Fragen, die dir helfen, deine Berufung zu finden

Seine Berufung leben, bedeutet für mich, das zu leben, wozu man glaubt, auf der Welt zu sein. Das, was einen ausmacht, was man geben kann und will und zwar „wie von selbst“. Nimm dir die Zeit, diese Fragen schriftlich und in Ruhe zu beantworten, und zwar so detailliert wie möglich.

 

 

  • Bei welcher Tätigkeit vergisst du die Zeit?
  • Was sind deine Talente?
  • Was interessiert dich?
  • Auf welche Art drückst du dich am liebsten aus?
  • Was hast du als Kind am liebsten gemacht?
  • Stell dir vor, du erbst so viel Geld, dass du nie wieder arbeiten musst. Womit würdest du – nach der ersten Euphorie – deine Tage füllen? Was würde ihnen Sinn geben?

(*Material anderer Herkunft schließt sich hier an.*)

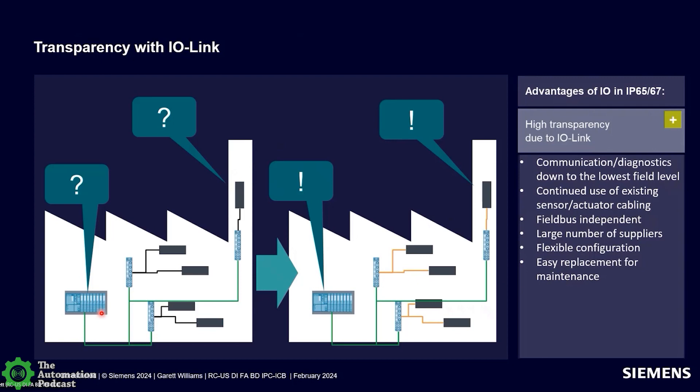If you're not familiar with I.O. Link — it's not a fieldbus. It's a point-to-point communication protocol intended to get data at the lowest field level, including diagnostics. I.O. Link has been around for probably a dozen years and is an open standard governed by PI North America — the same organization that governs Profinet and Profibus. Because it's an open standard, hundreds of manufacturers produce products for I.O. Link. Siemens makes I.O. modules that are I.O. Link masters along with I.O. Link modules or hubs. We also have motor control devices, relays, motor starters, RFID, signal columns — a variety of components available in I.O. Link.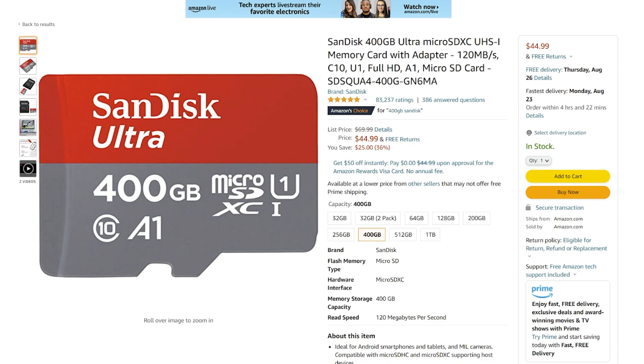You will also need a micro SD card. If you're using YAMPT, you cannot use a Samsung EVO micro SD card, but most others should work fine. For my example, I'm going to be using a SanDisk 400 gigabyte micro SD card.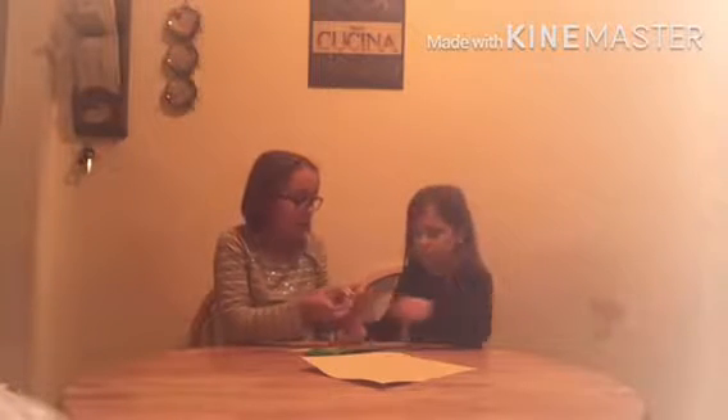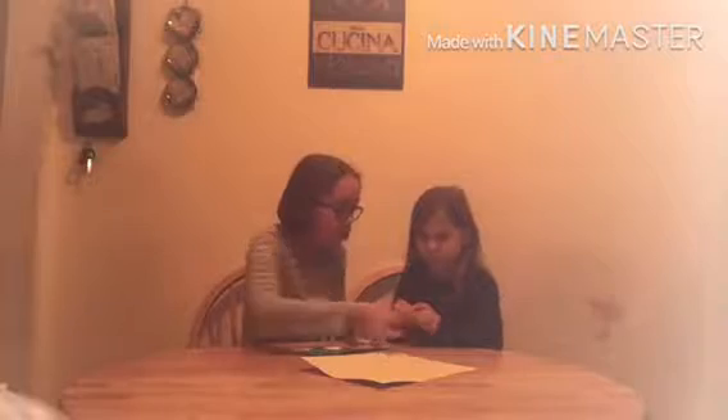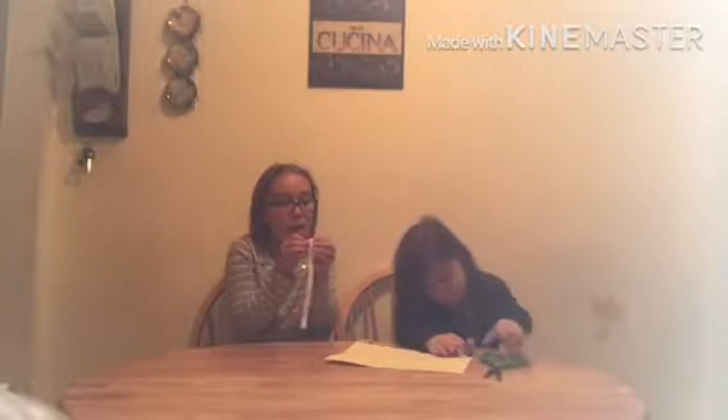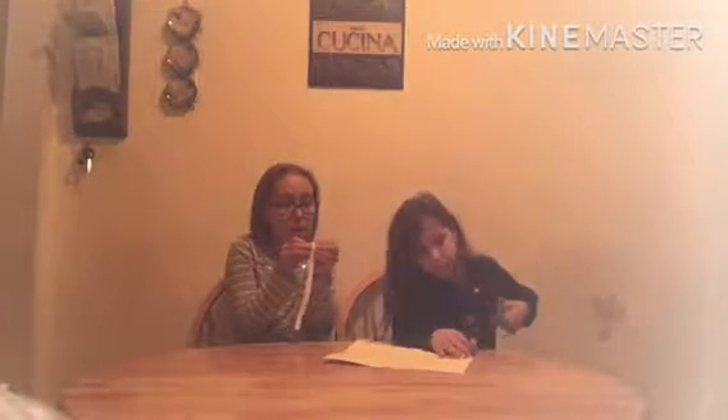So you can cut your strip now for the bracelet. You can just wrap it around on the bracelet with a piece of paper. Can you help me with that?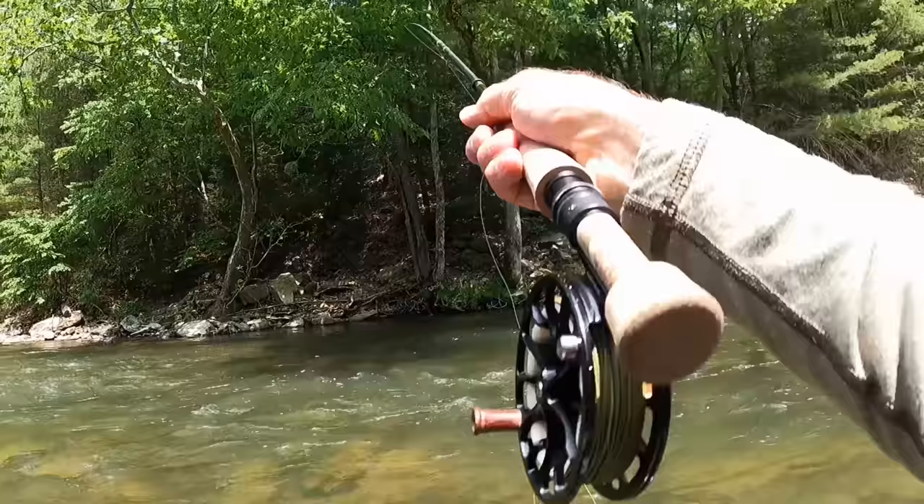This is a really beautiful fish — got him on my olive crystal flash peritagon. Look at that beautiful red on it. Thank you there, Mr. Brown.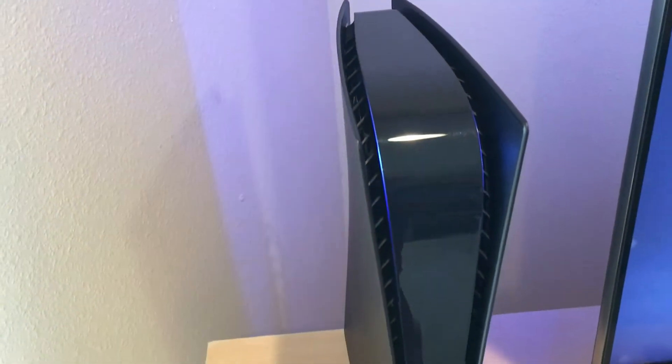Hey guys, this is my quick review of the dark plates from dbrand. The dark plates are the final addition to my PS5 customization. These plates were bought by me and were not given to me by dbrand for review. Let's get into it and see what they're like.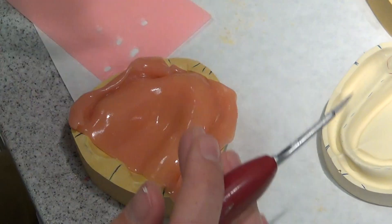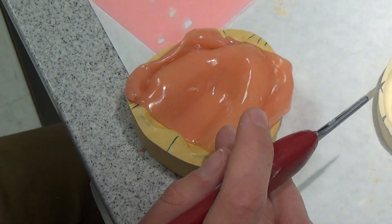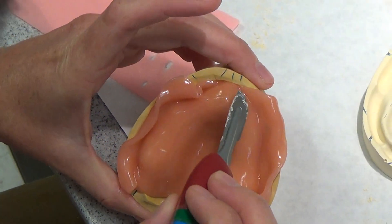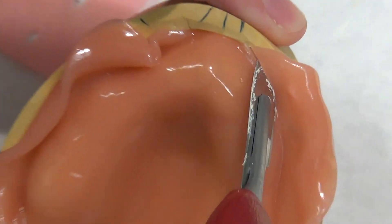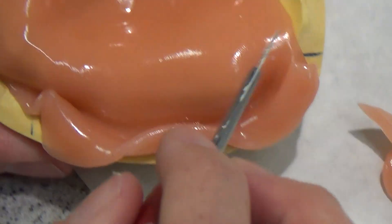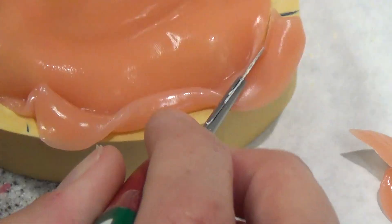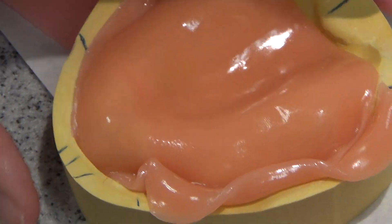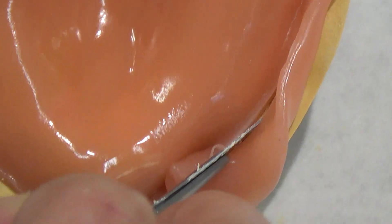I'm going to take my 20 blade and come back around the land area and trim this pretty close to where I want to be. I'm trimming it at the land area all the way around, and I'm just going to get rid of this excess because I don't need it.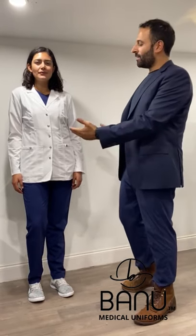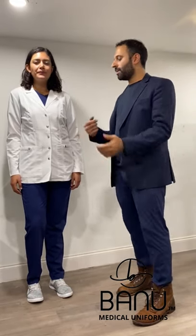Hey everyone, how are you? This is our Coral lab coat over here. This is a poly-rayon blend with a 5% spandex.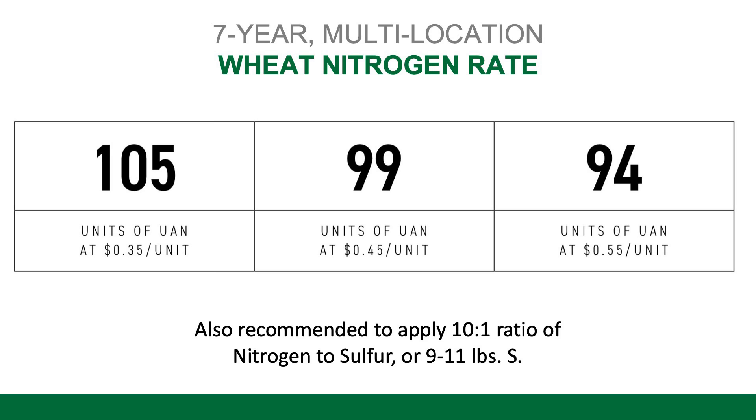We also recommend running a 10 to 1 ratio of nitrogen to sulfur, very similar to our recommendation on corn. So for every 10 pounds of nitrogen that you apply, apply one pound of sulfur. That will help that nitrogen be utilized efficiently by the wheat and help to maintain its health early in the season. If you have any questions about these or any other agronomic topics, feel free to reach out to myself or your local Beck's representative, and we'd be happy to help.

Wofür würdest du aufstehen?
  • Wie stellst du dir deinen perfekten Alltag vor?
  • Was sagen deine Freunde über dich? Wie würden sie dich beschreiben?
  • Gibt es eine Seite in dir, bei der du das Gefühl hast, dass sie viel zu wenig wahrgenommen und geschätzt wird? Wenn ja, welche ist das und wie würdest du sie gerne ausdrücken?
  • Wenn du eines Tages richtig alt bist, was würdest du dann gerne erzählen, wie du dein Leben verbracht hast?
  • Mit welchen Menschen möchtest du gerne zusammenarbeiten?
  • Was gibst du gerne?
  • Wem möchtest du gerne helfen?
  • Auf welche Art willst du in dieser Welt wirken?
  • Welche Umstände brauchst du, um in deiner Kraft zu sein?
  • Wann fühlst du dich richtig lebendig?
  • Wann fühlst du dich am meisten nach dir selbst?

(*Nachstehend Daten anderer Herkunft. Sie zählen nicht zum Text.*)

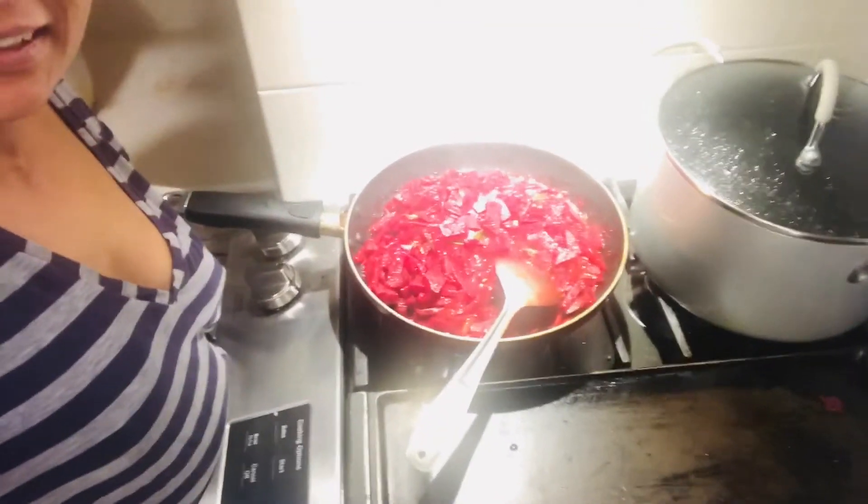I'm going to close it with the lid and keep it on slow heat for another 15 minutes, let it cook, and then the beetroot pickle is done. I'll leave it in a bottle, cool it down, and refrigerate it. Our beetroot pickle is ready! Let me know how you like this video, give it a thumbs up, and if you have any questions regarding my pickles, achar, or if you want me to make a different recipe, please let me know — thank you!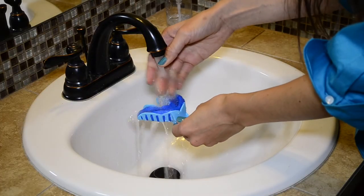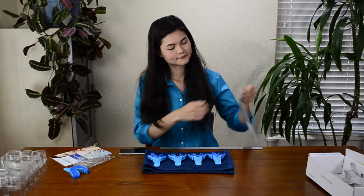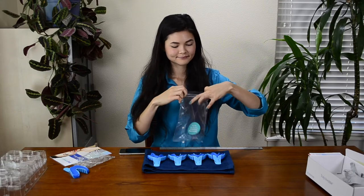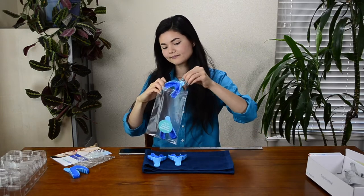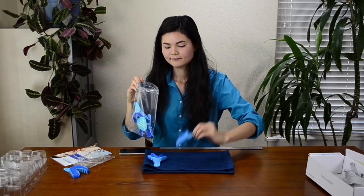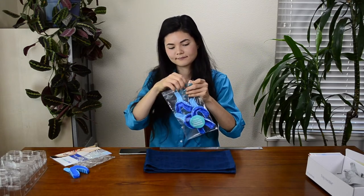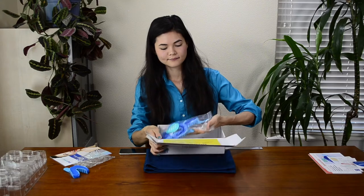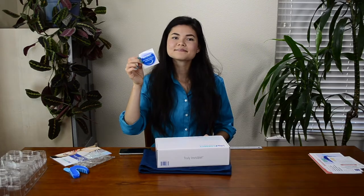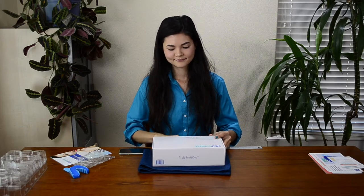Now that you have four finished impressions, rinse all four in cold water and let them air dry. Place the four dried impressions into the sealable bag provided in your SnapCorrect impression kit. Please do not attempt to remove your impressions from the tray, as this will make your impressions unusable. Be sure to properly seal the plastic bag. Next, place the bag in the impression kit box and seal the box using the blue sticker provided in the impression kit. The kit comes with a prepaid USPS shipping label on the bottom of the box — just drop it off in the mail.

Löse dich von den engen Schubladen der vorhandenen Berufe. Vielleicht ist eine Verbindung von scheinbar nicht zusammenpassenden Branchen genau das Richtige für dich. Oder du bietest etwas ganz neu und anders als gewohnt an. Oder du erschaffst etwas völlig Neues, was es bisher so noch nicht gab. Alles ist möglich, deiner Phantasie sind keine Grenzen gesetzt.

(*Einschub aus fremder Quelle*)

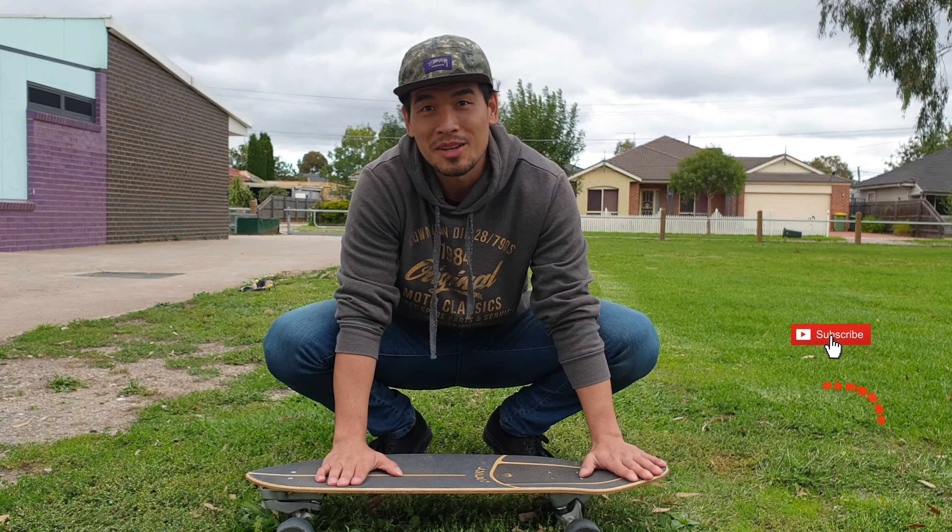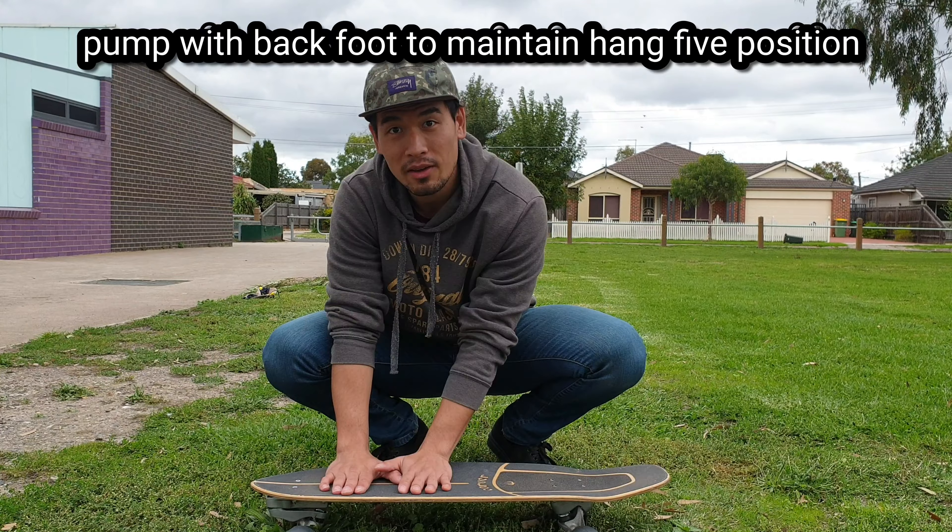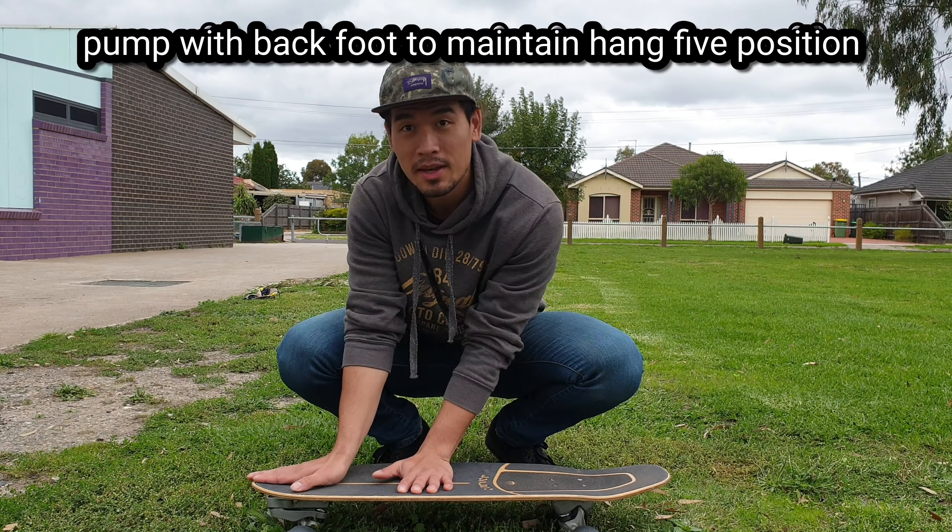Since most of us are front-foot dominant when it comes to pumping, we're gonna need to learn how to pump with the back foot to be able to maintain the hang five position.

„Die beiden wichtigsten Tage deines Lebens sind der Tag, an dem du geboren wurdest,
und der Tag, an dem du herausfindest, warum.“
Mark Twain

(Dies ist ein Auszug aus meinem eBook Hochsensibel und selbständig.)

 

3 comments for “Fragen, die dir helfen, deine Berufung zu finden

  1. Melli
    6. Juli 2016 at 9:15

    Hallo. Ich finde Deinen Beitrag sehr sehr hilfreich und interessant. Beim Lesen fällt mir auf, das ich spontan auf manches einfach keine Antwort parat habe. Schade für mich, das ich mich nicht damit auseinander gesetzt habe. Vielen lieben Dank für die Denkanstöße :-)

    • Marion Lili Wagner
      6. Juli 2016 at 10:12

      Vielen Dank, das freut mich sehr, dass dir die Fragen weiterhelfen :-)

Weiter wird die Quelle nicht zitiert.